I was thinking about that threshold last week while attending an awards banquet for the region’s chief financial officers, hosted by the Northern Virginia Technology Council. (Capital Business was the media sponsor.)
More than other corporate officials, CFOs often have to assess risks and confront difficult choices. The good ones seem to know how to help their companies do the spectacular while avoiding the reckless.
I’m fascinated by how companies manage that push and pull. Executive engagement is often key.
At the NVTC event, Nigel Morris, one of the co-founders of the McLean financial giant Capital One, was honored for his contributions to the region’s technology business community.

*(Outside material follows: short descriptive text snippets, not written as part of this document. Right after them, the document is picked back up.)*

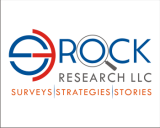 /public/logoimage/1465424105S3Rock_Research,_LLC.png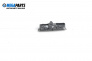 Бутон ел. стъкло  за Peugeot 807 Minivan (06.2002 - ...)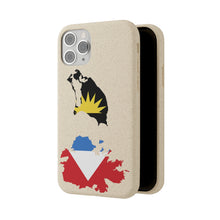 Load image into Gallery viewer, Biodegradable Case

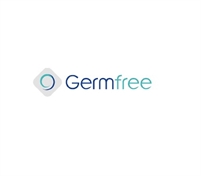  Germfree Ormond Beach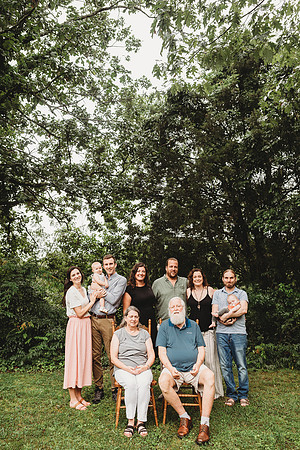 Family-Amanda Robinson-31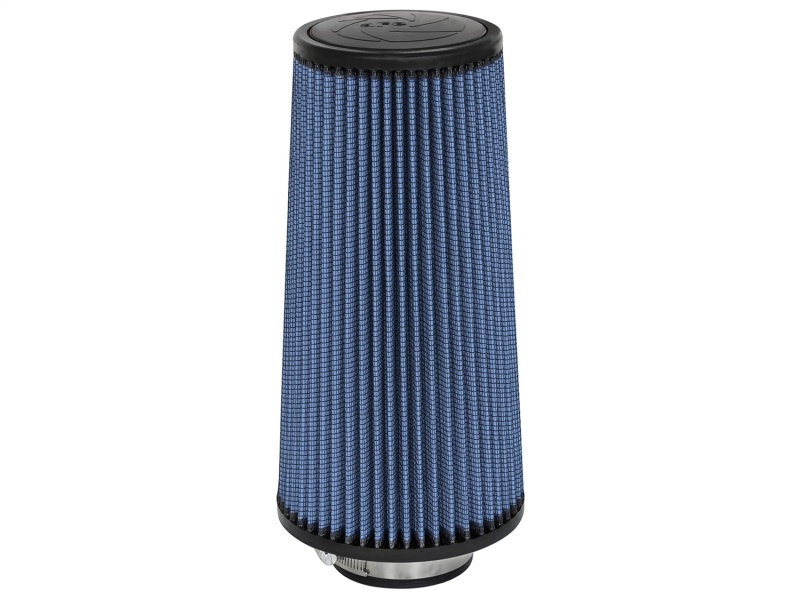 aFe MagnumFLOW Air Filters UCO P5R A/F P5R 3F x 6B x 4-3/4T x 12H thumbnail 3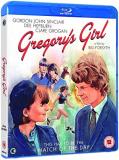 Gregory's Girl Gregory's Girl Import Gbr 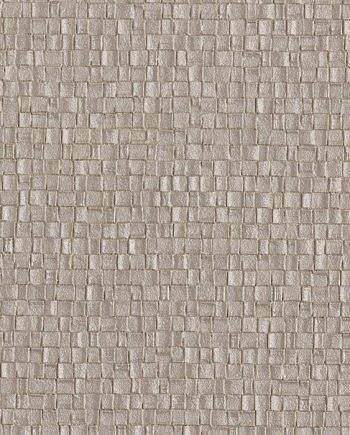 Adega - Chainmaille Wallcover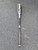 Used Rawlings PRODIGY ALLOY BB/SB USA 2 5/8 Bat 30" 11849-S000038791 View 1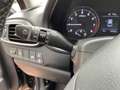 Hyundai i30 1.4 T-GDI N-Line Zwart - thumbnail 14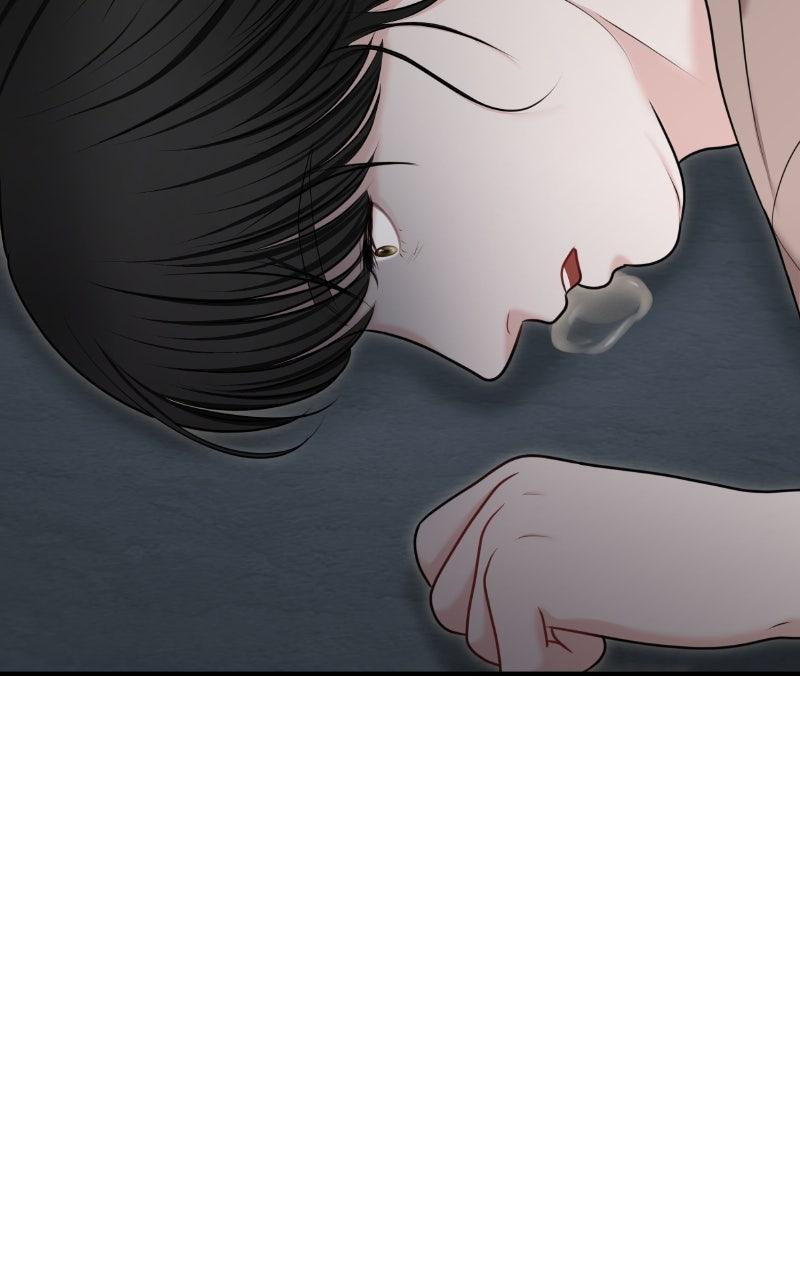 You're So Pretty Chap 34 - Next Chap 35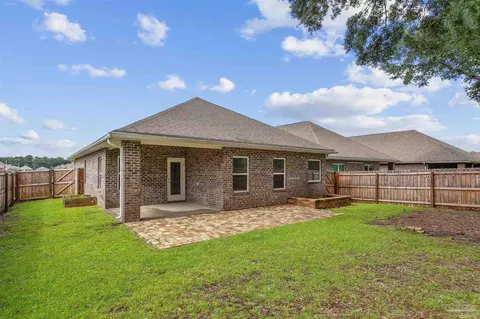 3706 Hawks Landing Cir, Pace, FL 32571 photo 30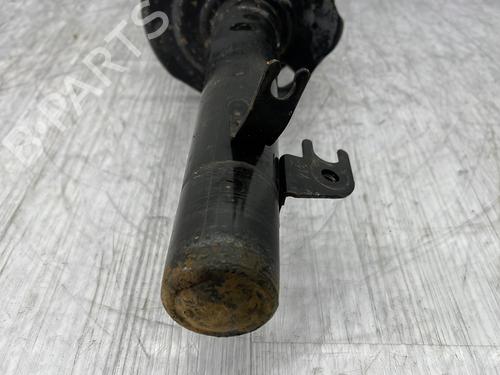 Right front shock absorber TOYOTA AYGO (_B1_) 1.0 (KGB10_, KGB10R) | BP29474672M17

“I’ve often wondered,” he said, “how much of Capital One’s success is due to luck and how much is due to being good.”
One piece of good fortune: The former Signet Bank out of Richmond was willing to take a chance on some no-name business strategists who were tinkering with ways data could be used to inform lending decisions.
Morris also credited the business acumen of his co-founding partner Richard D. Fairbank, who started in 1988 and remains the chief executive today.
Fairbank, he said, was a tireless “advocate for the best of human capital.”
And the secret for hiring the best? More than benefits and salaries, Morris said he learned that what most people want is “to be part of something bigger.”
Capital One certainly became that. When Morris retired in 2004, his start-up had become a public company valued at more than $20 billion. He now occupies himself with his family foundation in Alexandria and serves as managing partner of QED Investors, a firm that invests in companies that are trying to “solve a pain point for consumers.”
Morris is no passive bystander in the companies he assists.
“We are operators masquerading as investors,” Morris said.
Pushing them to think big, no doubt.